# Task requirements:
Look through the data for the string "furniture". Copy every line where it is found.

# Data section:
++++++++++
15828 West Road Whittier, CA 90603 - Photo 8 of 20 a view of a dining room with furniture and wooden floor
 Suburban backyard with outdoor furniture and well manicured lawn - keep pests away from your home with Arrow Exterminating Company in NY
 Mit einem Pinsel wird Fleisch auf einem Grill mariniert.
++++++++++
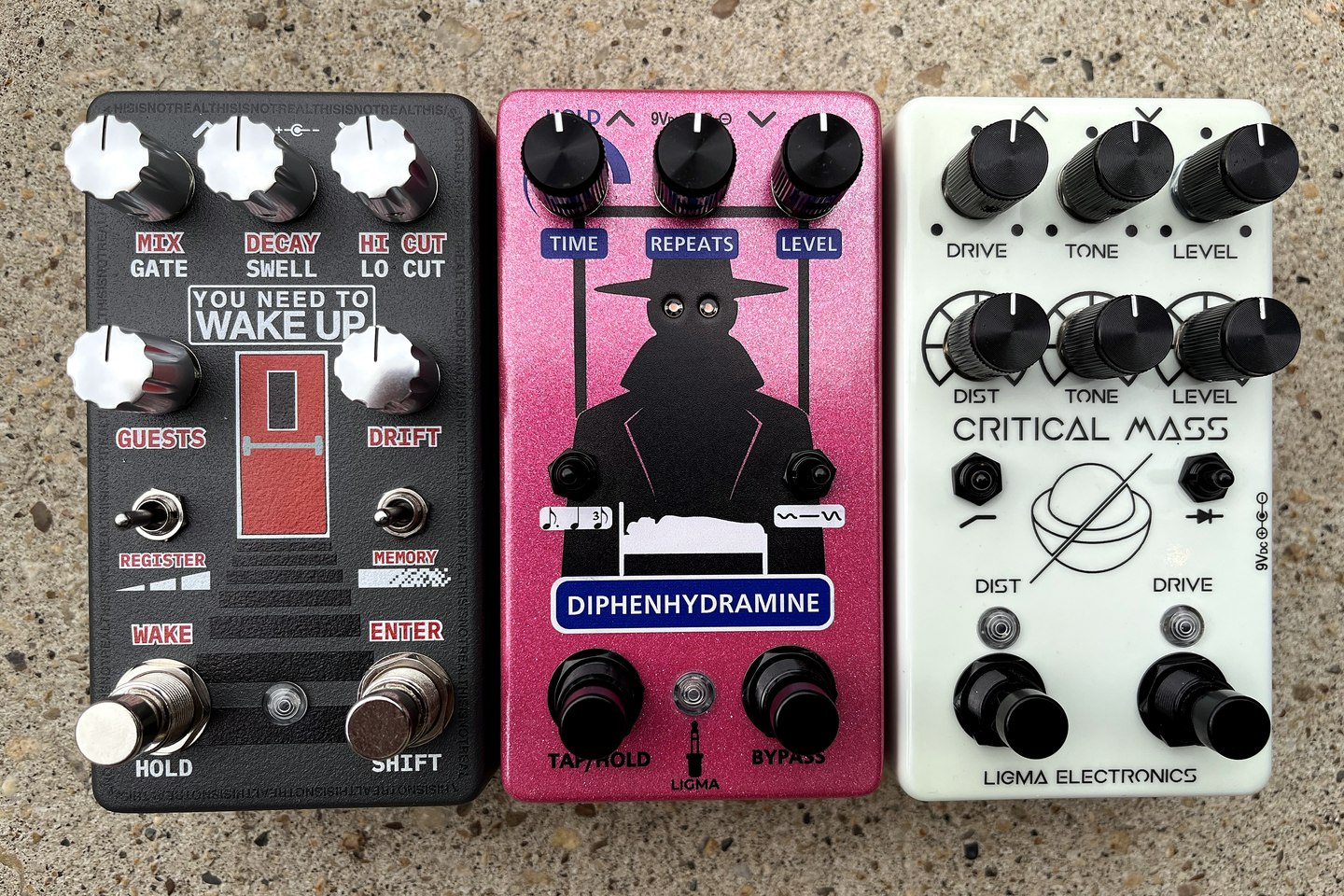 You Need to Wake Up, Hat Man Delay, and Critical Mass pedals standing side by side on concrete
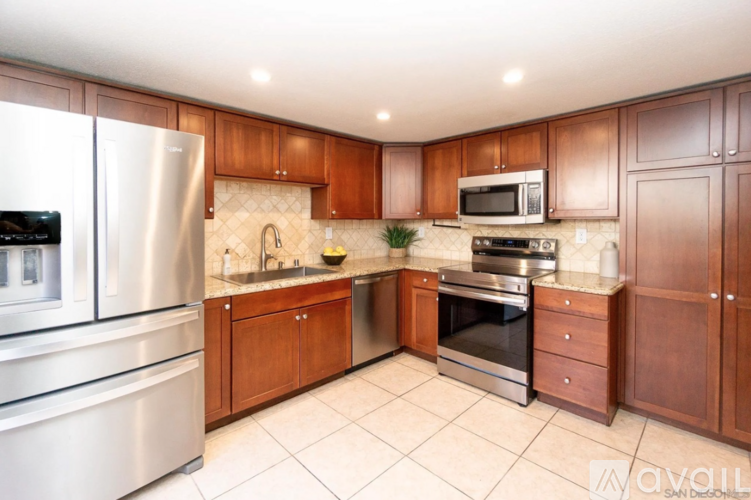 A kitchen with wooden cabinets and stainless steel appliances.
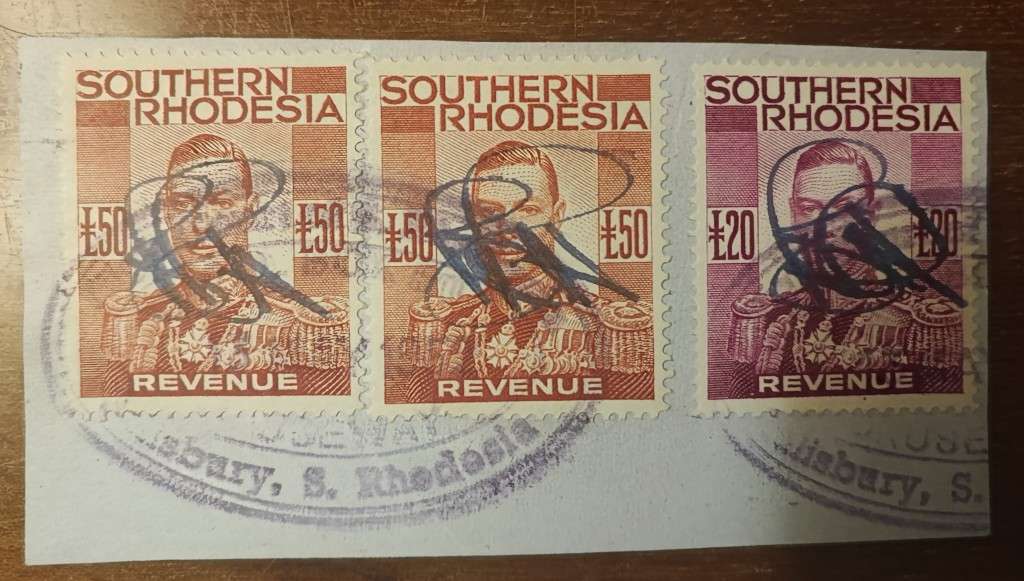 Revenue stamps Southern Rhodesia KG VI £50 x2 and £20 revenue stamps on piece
++++++++++
# Exercise result:
15828 West Road Whittier, CA 90603 - Photo 8 of 20 a view of a dining room with furniture and wooden floor
 Suburban backyard with outdoor furniture and well manicured lawn - keep pests away from your home with Arrow Exterminating Company in NY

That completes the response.